Because the surviving spouse of an owner of a traditional IRA is not subject to the inherited account rules, the surviving spouse may make rollovers to and from the plan.5 This generally has held true whether the spouse was the beneficiary designated under the plan or inherited the account as sole beneficiary of the owner’s estate.6 Under regulations proposed in 2022, spousal beneficiaries will also be required to elect to treat the deceased spouse’s IRA as their own by the later of (1) December 31 of the year following the year of the owner’s death or
(2) the individual’s required beginning date (73 in 2023-2032, 72 in 2020-2022).

Furthermore, a proper rollover was considered made by a surviving spouse who, as her deceased husband’s executrix, transferred the right to receive the benefits due her husband from his profit sharing plan to herself under the residuary bequest in the husband’s will and then transferred this amount into an IRA already established on her behalf.7

In a number of private rulings during the 1990s, the IRS stated that if a decedent’s IRA or tax sheltered annuity passed through a third party, such as a trust, and then was distributed to the decedent’s surviving spouse, the spouse was treated as acquiring the IRA or tax sheltered annuity from the trust rather than from the decedent; thus, no rollover was possible.8

The IRS also determined on several occasions that if the trustee had no discretion as to the allocation of IRA proceeds to a trust or the payment of the proceeds directly to the surviving spouse, the surviving spouse would be treated as having acquired the IRA proceeds from the decedent rather than from the trust.
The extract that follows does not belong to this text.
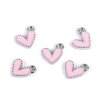Kovový přívěsek / taháček na zip mini srdce 10x10 mm (Balení 5 ks, Varianta 1 růžová sv. platina)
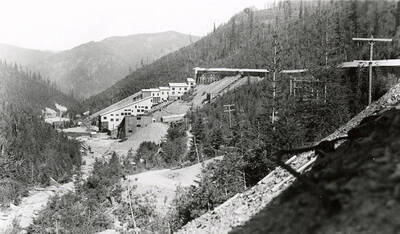 View of the buildings on Jack Waite Mill and the hills surrounding it. The mill is in Duthie, Idaho.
In other words, a rollover was possible.9

In numerous rulings, the IRS has treated a surviving spouse as having acquired the IRA from the decedent and not the trust where the surviving spouse had the power to revoke the trust.10

The preamble to the 2002 final regulations under IRC Section 401(a)(9) ( Q 3892) clarifies that if a surviving spouse receives a distribution from a deceased spouse’s IRA, the spouse is permitted to roll that distribution over within 60 days into an IRA in the spouse’s own name to the extent that the distribution is not a required distribution, regardless of whether or not the spouse is the sole beneficiary of the IRA owner.11 In other words, it appears that for rollover purposes, the final regulations were intended to put to rest the distinction between trusts that provide discretion to the surviving spouse and those that do not.

The surviving spouse does not receive a stepped up basis with respect to the decedent’s plan interest or tax sheltered annuity, as retirement benefits are treated as income in respect of a decedent.12






1.  IRC § 402(c)(9).

2.  IRC §§ 402(c)(9), 402(c)(10).

3.  Treas. Reg. § 1.402(c)-2, A-11.

4.  IRC §§ 402(c)(9), 403(a)(4), 403(b)(8).

5.  IRC § 408(d)(3)(C).

6See, e.g., Let. Ruls. 9820010, 9502042, 9402023, 8925048.

7.  Let. Rul. 9351041.

8See, e.g., Let. Ruls. 9515041, 9427035, 9416045.

9See, e.g., Let. Ruls. 200324059, 9813018, 9649045, 9533042, 9445029, 201430026, 201430029.

10.  Let. Ruls. 199910067, 9815050, 9721028, 9427035.

11.  TD 8987, 67 Fed. Reg. 18988 (4-17-02).

12.  IRC § 691; Treas. Reg. §1.691(a)-1.